> **Stored items from a collection**
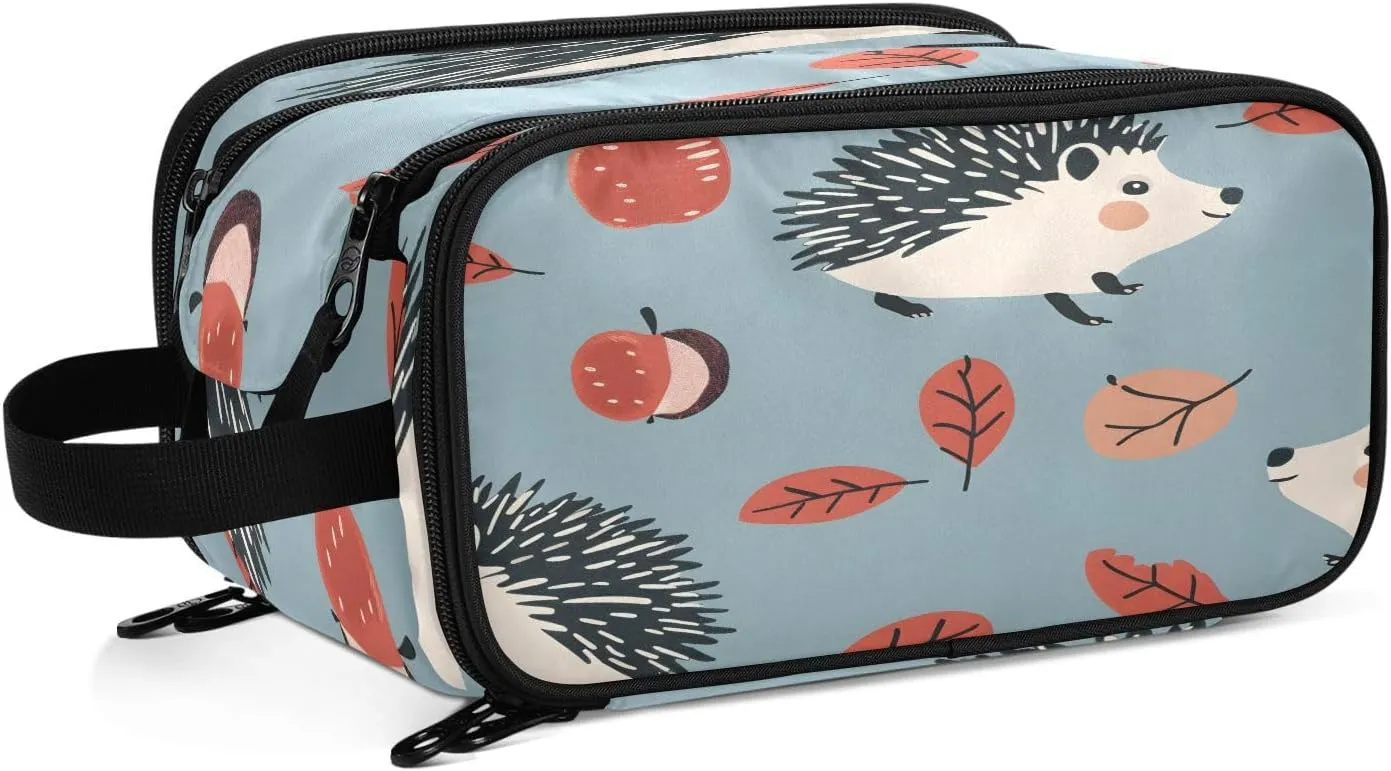 Large Capacity Travel Cosmetic Bag for Women Hedgehog and Leaves Travel Portable Cosmetic Pouch With Handle and Divider Flat Lay Bag Organizer Toiletry Bag Makeup Box for Skincare Cosmetics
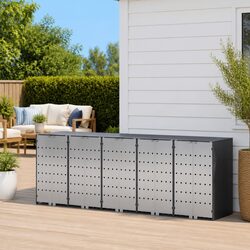 Wheelie Bin Storage for 3 Bins Anthracite Outdoor Waste Container Enclosure
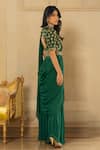 Paulmi and Harsh_Green Saree Georgette Hand Pre-stitched With Blouse And Belt  _Online_at_Aza_Fashions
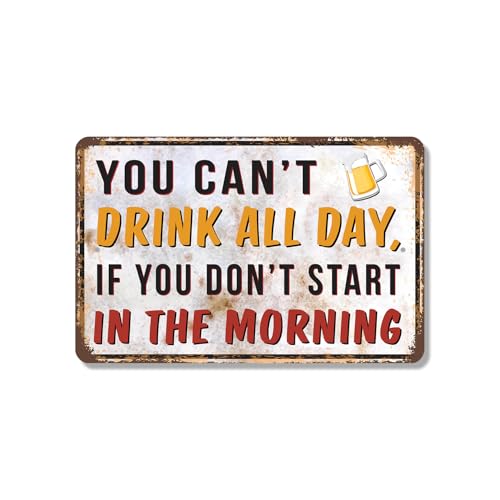 You Can’t Drink All Day If You Don’t Start In The Morning Vintage Style (2 Pack…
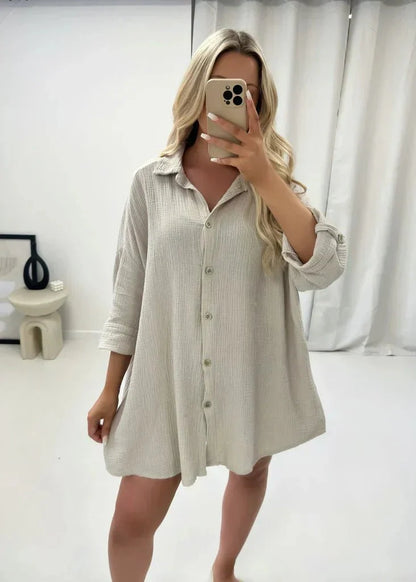 Leonie | Oversized Shirt mit paillettenbesetztem Rücken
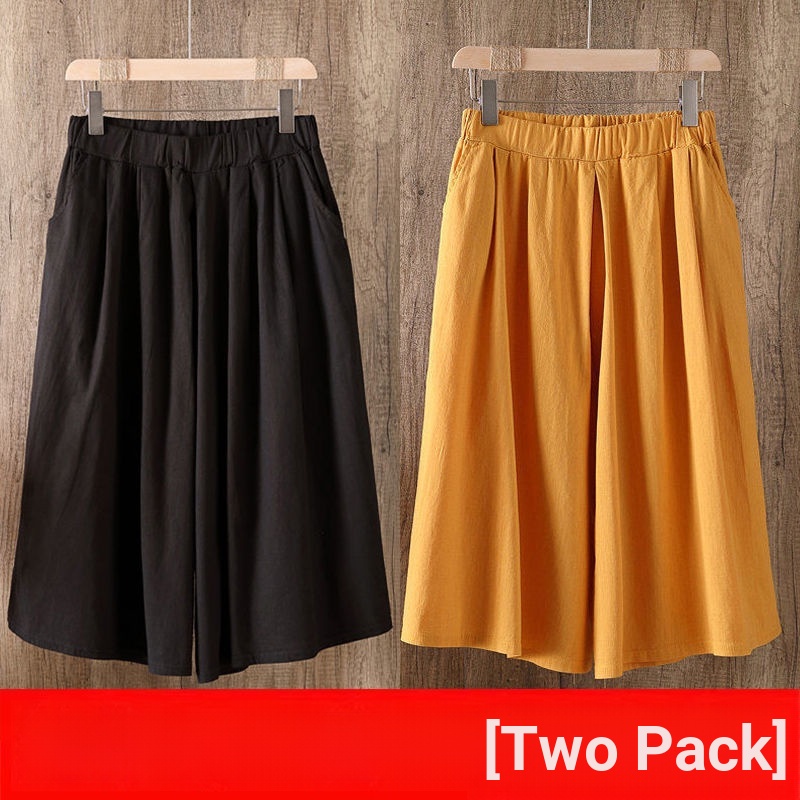 2023 Mới Một Mảnh Quần Ống Rộng Bằng Cotton Nguyên Chất Kích Thước Lớn Ôm Dáng Mặc Thường Ngày Mùa Hè Cho Nữ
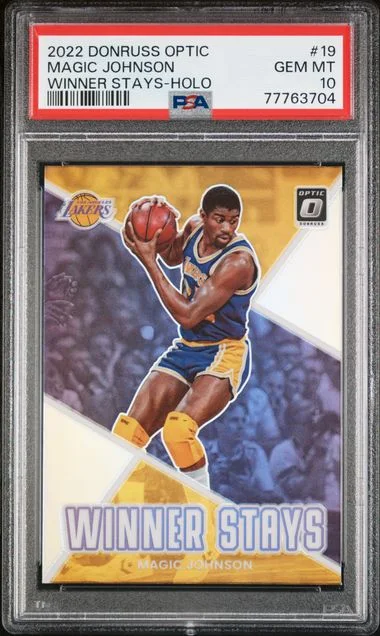 2022 Panini Donruss Optic Magic Johnson Winner Stays Holo #19 card image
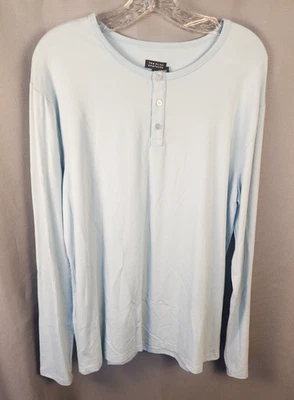 Camisa de manga larga Henley Two Blind Brothers para hombre grande azul claro elástica Foto 1 de 4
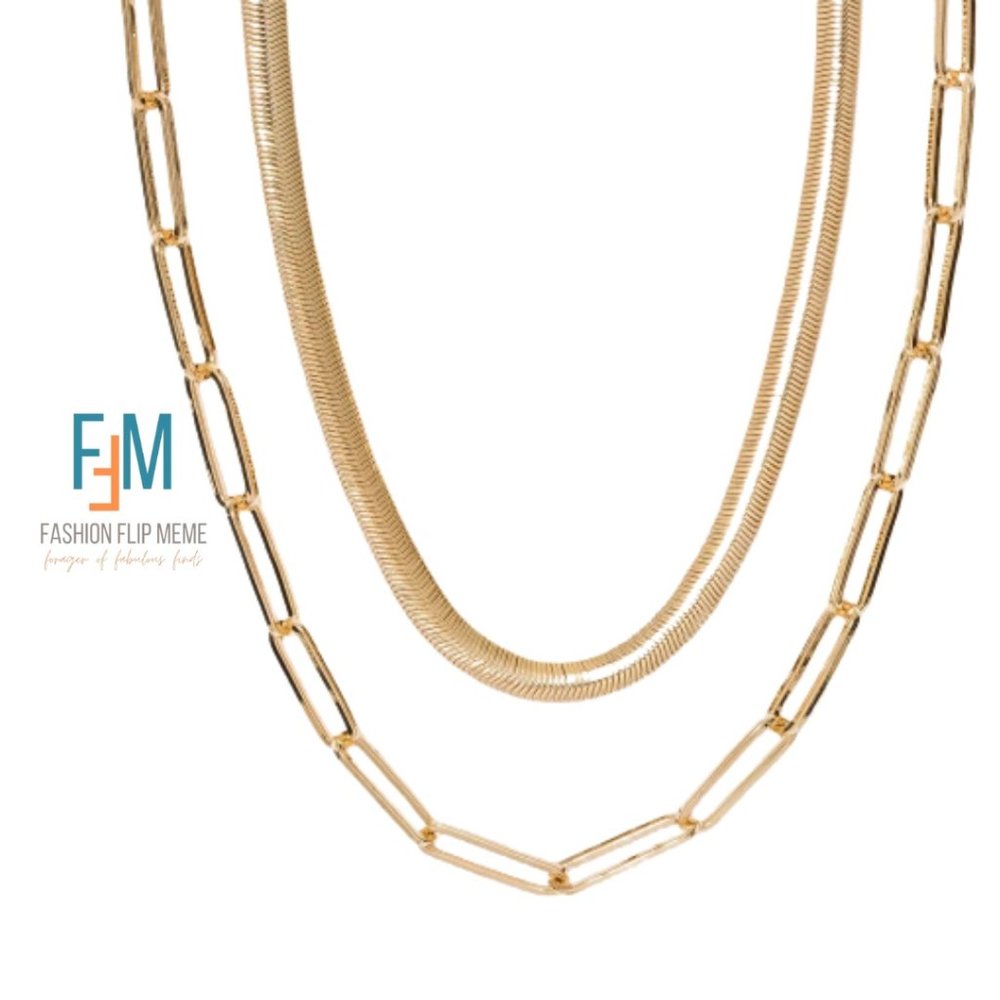 SUGARFIX by BAUBLEBAR Gold Double Strand Statement Necklace NWOT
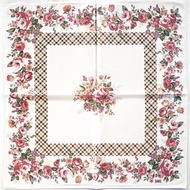 DAKS 復古手帕花卉口袋方巾 20 x 19.5 英寸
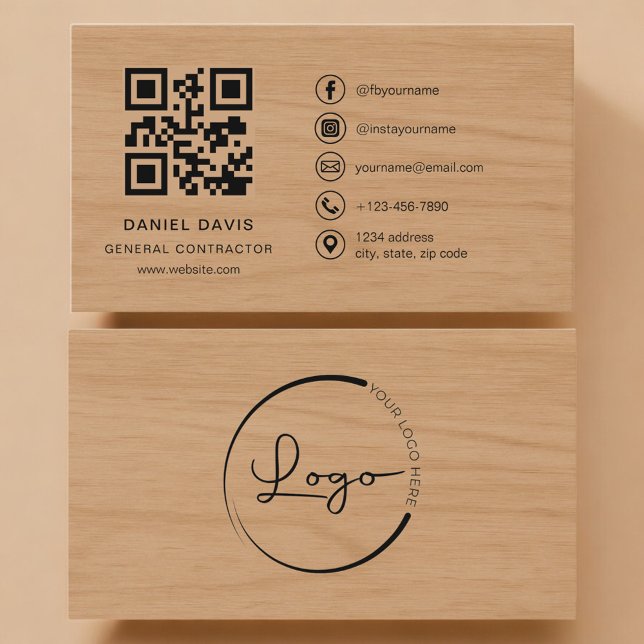 Allmän Entreprenör Trä Professionell QR-kod Visitkort (Skapare uppladdad)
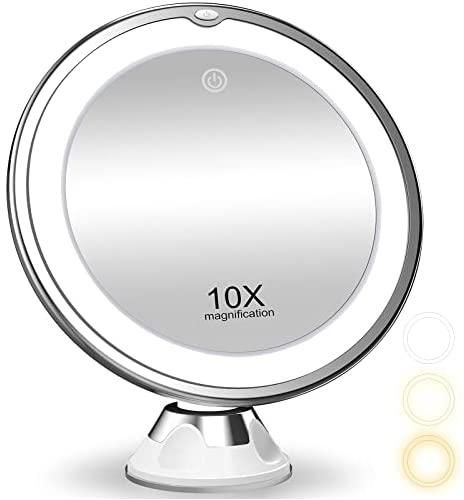 SEAEYES 10X Magnifying Makeup Mirror with Lights and 3 Color Lighting for Detailed Makeup and Skincare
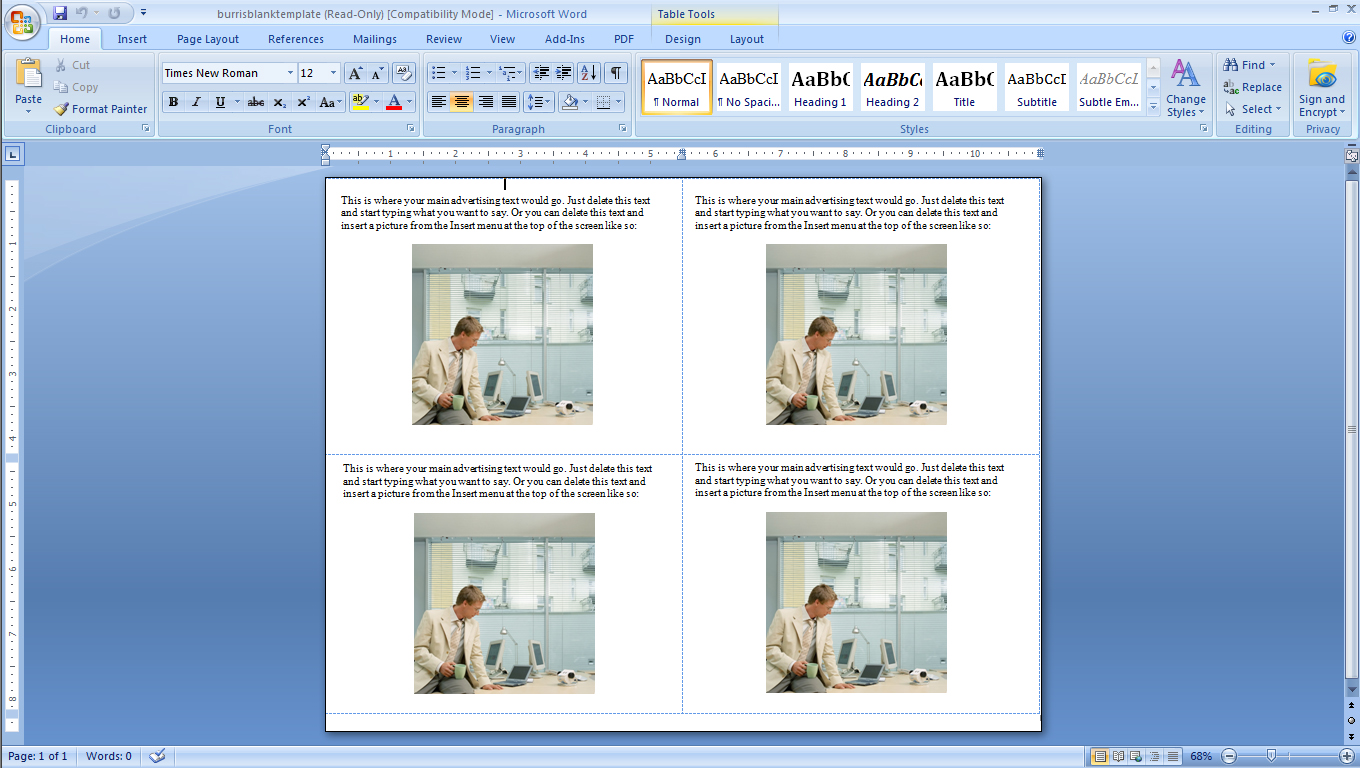 How To Make Four Postcards On The Same Sheet in Word. Burris Computer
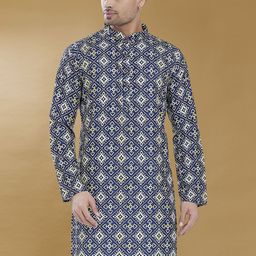 PulseIQ Men Geometric Embroidered Kurta-image-59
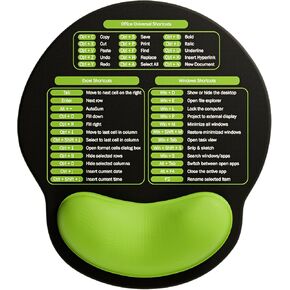 Excel Mouse Pad with Wrist Rest, Small Excel Cheat Sheet Desk Pad with Windows/Office Shortcuts, Ergonomic Mousepad with Wrist Support, Office Desk Mat for Computer (Black Purple) in Saudi Arabia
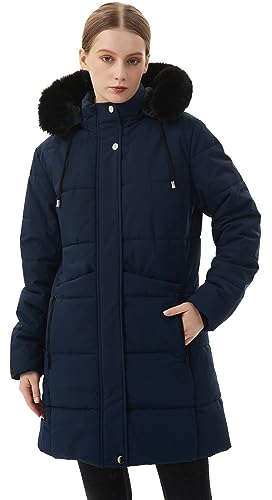 MOERDENG Women's Warm Winter Puffer Coat Waterproof Long Down Jacket - color: Navy, size: Small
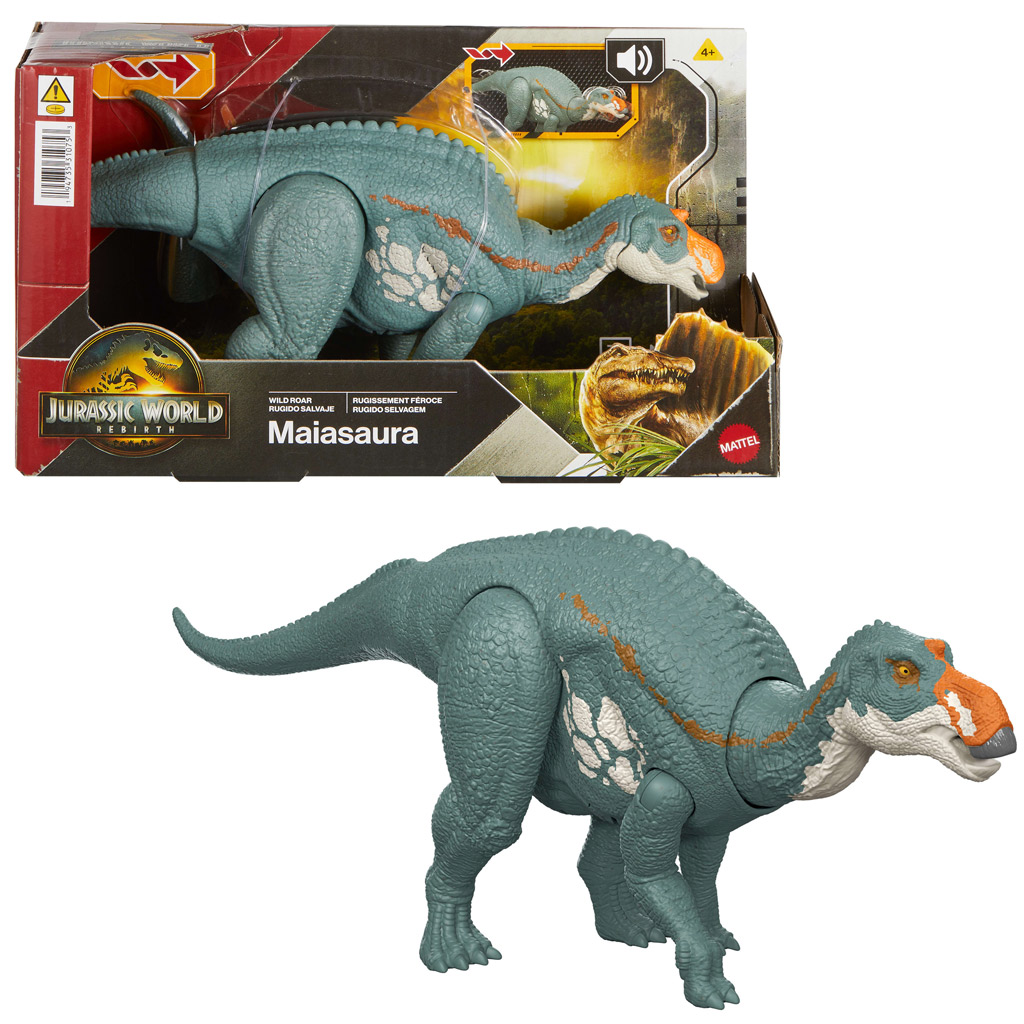 Jurassic World: Wiedergeburt Wild Roar Maiasaura angreifende Dinosaurier-Figur - Mattel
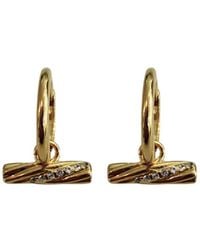 Rachel Jackson - Twisted T Baf Huggie Hoop Earrings - Lyst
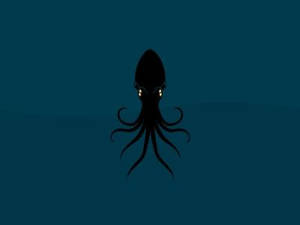 Black Calamari Vector Art Wallpaper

> **Exercise aim**
Starting with the line that has "2023 Mới Một" and ending with the line that has "Camisa de manga", repeat the lines above exactly, omitting every picture.

> **Solution below**
 2023 Mới Một Mảnh Quần Ống Rộng Bằng Cotton Nguyên Chất Kích Thước Lớn Ôm Dáng Mặc Thường Ngày Mùa Hè Cho Nữ
 2022 Panini Donruss Optic Magic Johnson Winner Stays Holo #19 card image
 Camisa de manga larga Henley Two Blind Brothers para hombre grande azul claro elástica Foto 1 de 4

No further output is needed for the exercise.